LAHOUSEN: Die Gefangenen wurden von den eigens hierzu bestimmten Sonderkommandos des SD ausgesondert, und zwar nach ganz eigenartigen und willkürlichen Gesichtspunkten. Die einen Führer der Einsatzkommandos hielten sich an rassische Merkmale; das heißt, wenn einer der Gefangenen den rassischen Gesichtspunkten nicht entsprach, vor allem selbstverständlich ein Jude oder jüdischer Typus, oder wer sonst als rassisch minderwertig angesehen wurde, so verfiel er der Exekution. Der andere Einsatzführer traf diese Auswahl unter dem Gesichtspunkt des Intellekts oder der Intelligenz. Der dritte Einsatzführer hatte wieder irgendwelche anderen, gewöhnlich sehr eigenartigen Gesichtspunkte, so daß ich mich zu der Frage an Müller veranlaßt fühlte: »Sagen Sie, abgesehen von allem anderen, nach welchen Grundsätzen wird diese Aussonderung durchgeführt?

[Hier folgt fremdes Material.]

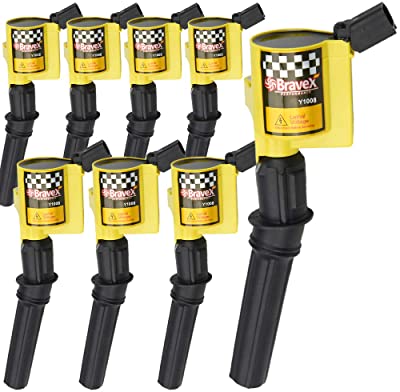 High-Performance Ignition Coil 8 Pack, Best Ignition Coils For Ford F150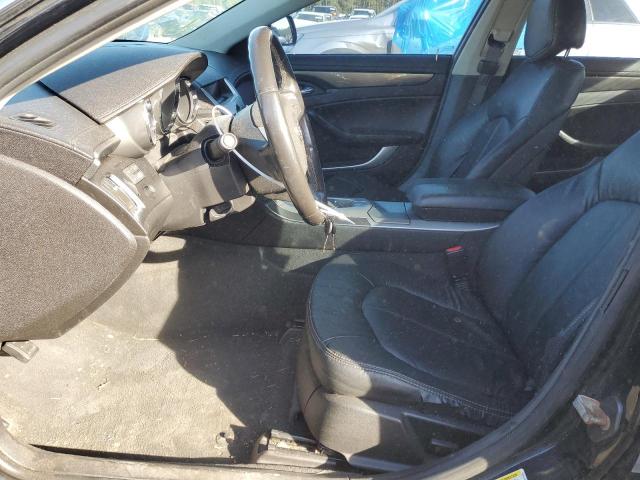 1G6DC5E59C0140789 - 2012 CADILLAC CTS BLACK photo 7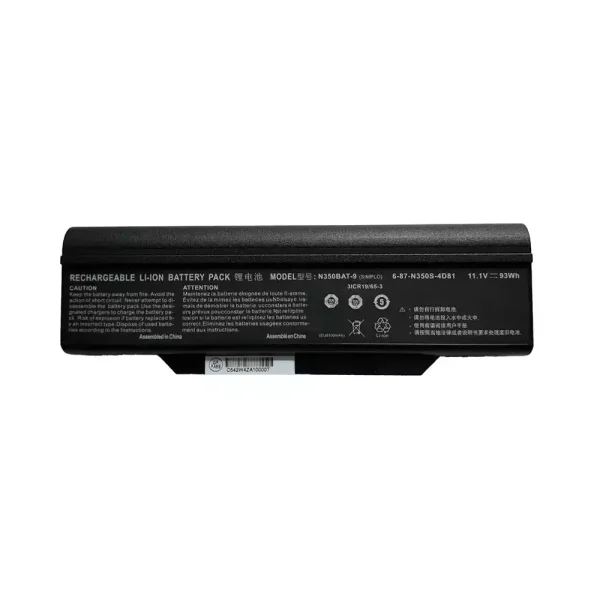 純正ノートパソコン バッテリー対応 N350BAT-9 6-87-N350S-4D81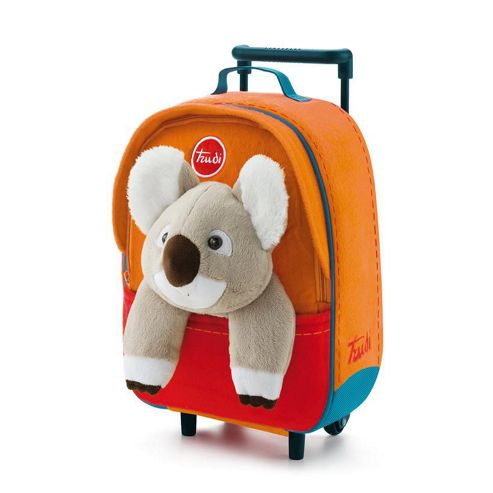 Image of Trudi Kids Backpack Trolley Case - Koala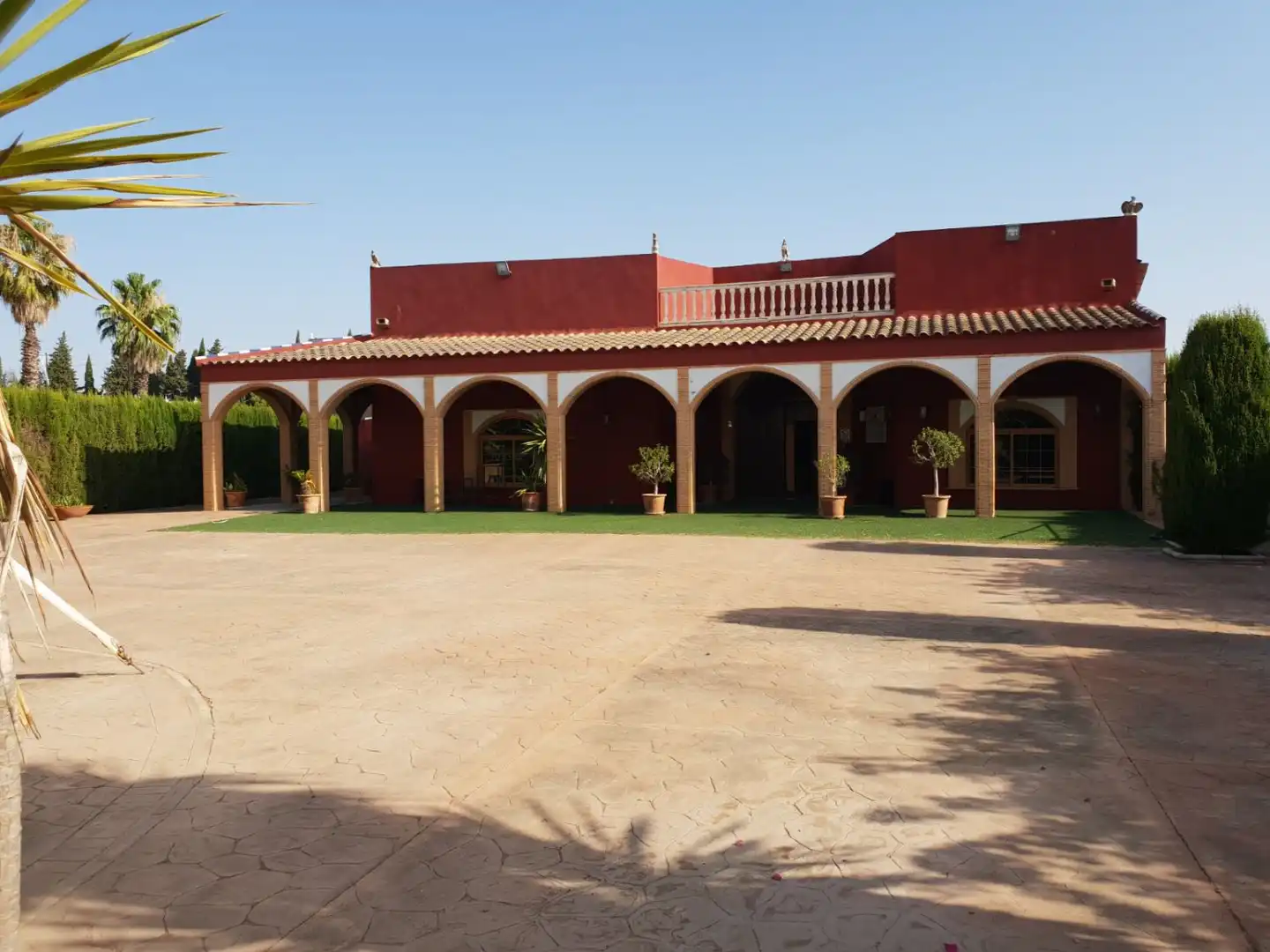 Finca rústica en venta en La Algaba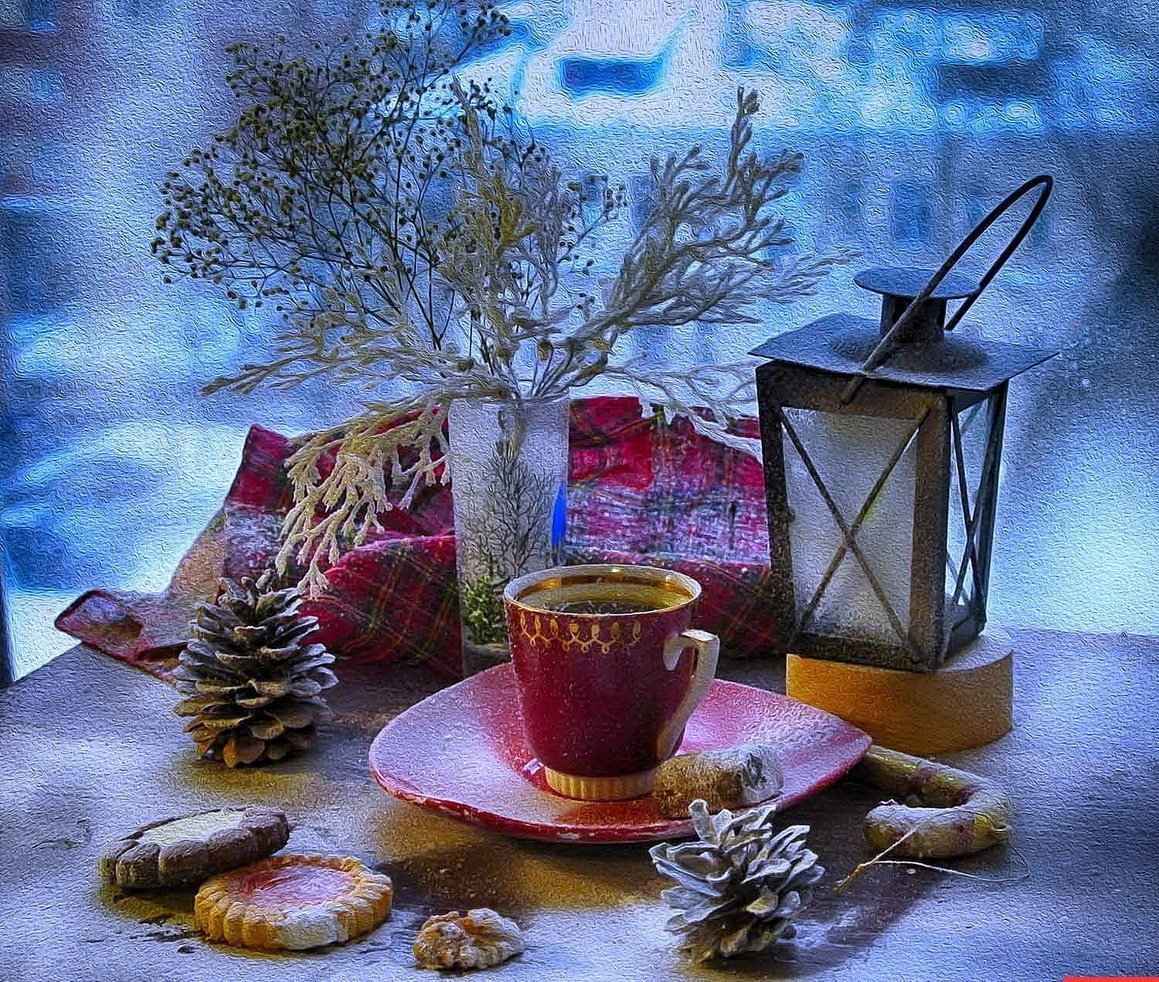 Доброго зимнего вечера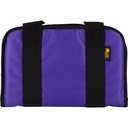 US PK ATTACHE POLY PURPLE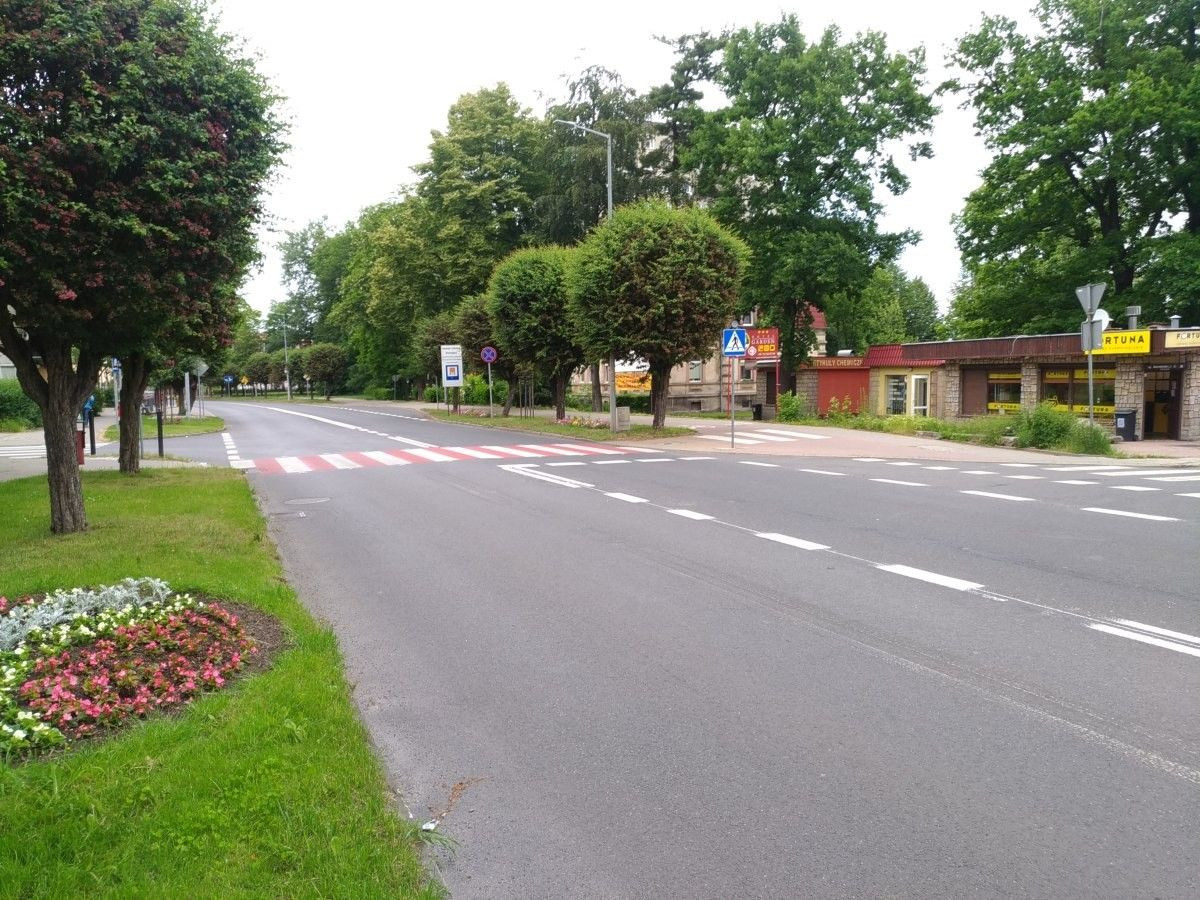 Zmiana organizacji ruchu przy alei Tysiąclecia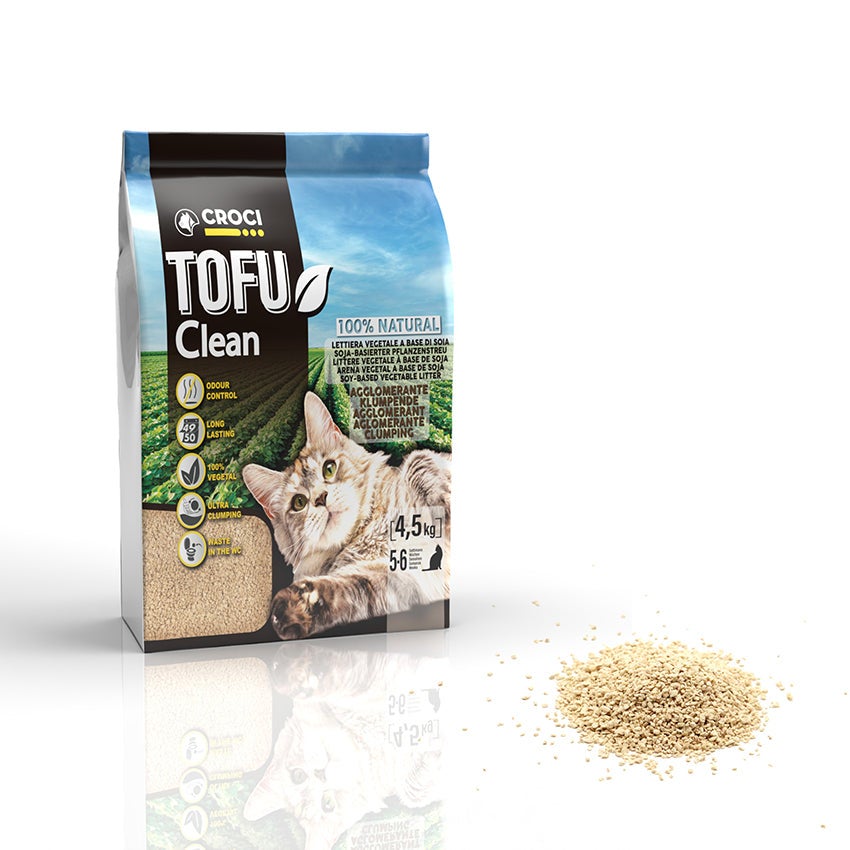 Croci arena tofu clean 10l-4,5kg c4025812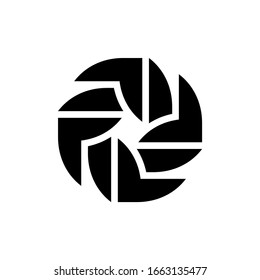 Abstract logo. Icon design. Template elements - vector sign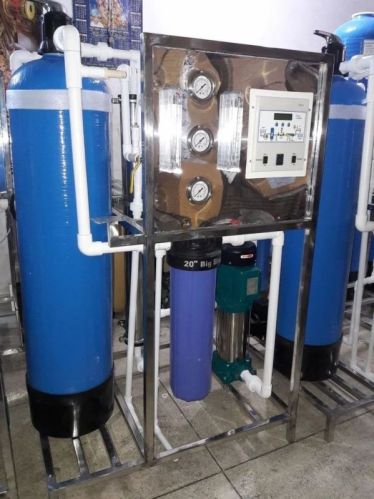 500 LPH Reverse Osmosis Plant For Water Purification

Geht man nach Körpergröße oder nach Schuhnummer?« Müller hat diese, sowie alle anderen Einwände, wie schon erwähnt, schärfstens zurückgewiesen und Reinecke hat den Standpunkt von Müller in schärfster Form übernommen, statt daß er, was ja der Sinn meines Vertrags war, meine, das heißt die Auffassung des Amtes Ausland/Abwehr, die ihm eine goldene Brücke bauen wollte, übernahm. Das ist im wesentlichen der Sinn der Besprechung, an der ich teilnahm.

OBERST AMEN: Und haben Sie aus amtlichen Berichten etwas über die Art und Weise erfahren, auf die diese Befehle durchgeführt wurden?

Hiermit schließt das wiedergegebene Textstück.